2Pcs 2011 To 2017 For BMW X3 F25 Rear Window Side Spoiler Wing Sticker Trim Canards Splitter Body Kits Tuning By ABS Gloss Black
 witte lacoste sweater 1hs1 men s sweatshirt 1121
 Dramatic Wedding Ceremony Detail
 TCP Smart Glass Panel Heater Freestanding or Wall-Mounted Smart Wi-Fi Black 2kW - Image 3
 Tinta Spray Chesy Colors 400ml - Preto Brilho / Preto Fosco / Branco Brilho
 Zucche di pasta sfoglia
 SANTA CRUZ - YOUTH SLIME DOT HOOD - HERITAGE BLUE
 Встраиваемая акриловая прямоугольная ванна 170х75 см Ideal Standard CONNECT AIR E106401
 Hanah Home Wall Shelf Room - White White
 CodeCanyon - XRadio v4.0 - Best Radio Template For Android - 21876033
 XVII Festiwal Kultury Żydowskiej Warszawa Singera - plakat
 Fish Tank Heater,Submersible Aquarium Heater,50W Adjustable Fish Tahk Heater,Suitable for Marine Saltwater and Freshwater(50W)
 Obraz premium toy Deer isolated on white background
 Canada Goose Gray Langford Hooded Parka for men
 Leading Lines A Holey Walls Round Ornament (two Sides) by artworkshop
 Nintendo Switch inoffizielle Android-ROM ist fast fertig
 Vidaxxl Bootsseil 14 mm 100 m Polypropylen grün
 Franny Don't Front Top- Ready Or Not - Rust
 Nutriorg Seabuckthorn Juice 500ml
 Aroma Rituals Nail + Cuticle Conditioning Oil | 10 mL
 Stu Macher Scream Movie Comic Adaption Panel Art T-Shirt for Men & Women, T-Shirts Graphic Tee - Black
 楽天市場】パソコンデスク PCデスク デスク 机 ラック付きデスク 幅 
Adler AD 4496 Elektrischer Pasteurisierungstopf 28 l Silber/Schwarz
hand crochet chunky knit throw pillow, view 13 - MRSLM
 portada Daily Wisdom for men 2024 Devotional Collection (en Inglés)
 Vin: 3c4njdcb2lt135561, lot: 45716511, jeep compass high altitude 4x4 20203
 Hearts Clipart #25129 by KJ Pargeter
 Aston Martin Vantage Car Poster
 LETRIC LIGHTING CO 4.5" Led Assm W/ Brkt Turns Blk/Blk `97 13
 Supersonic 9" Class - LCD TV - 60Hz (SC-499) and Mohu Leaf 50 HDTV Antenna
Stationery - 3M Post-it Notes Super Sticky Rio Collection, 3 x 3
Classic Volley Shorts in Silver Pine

→ **AIM OF THE EXERCISE**
Beginning with the line holding "SANTA CRUZ - YOUTH" and ending with the line holding "Canada Goose Gray", write out the stretch of material above exactly; add no further lines.

→ **ANSWER**
 SANTA CRUZ - YOUTH SLIME DOT HOOD - HERITAGE BLUE
 Встраиваемая акриловая прямоугольная ванна 170х75 см Ideal Standard CONNECT AIR E106401
 Hanah Home Wall Shelf Room - White White
 CodeCanyon - XRadio v4.0 - Best Radio Template For Android - 21876033
 XVII Festiwal Kultury Żydowskiej Warszawa Singera - plakat
 Fish Tank Heater,Submersible Aquarium Heater,50W Adjustable Fish Tahk Heater,Suitable for Marine Saltwater and Freshwater(50W)
 Obraz premium toy Deer isolated on white background
 Canada Goose Gray Langford Hooded Parka for men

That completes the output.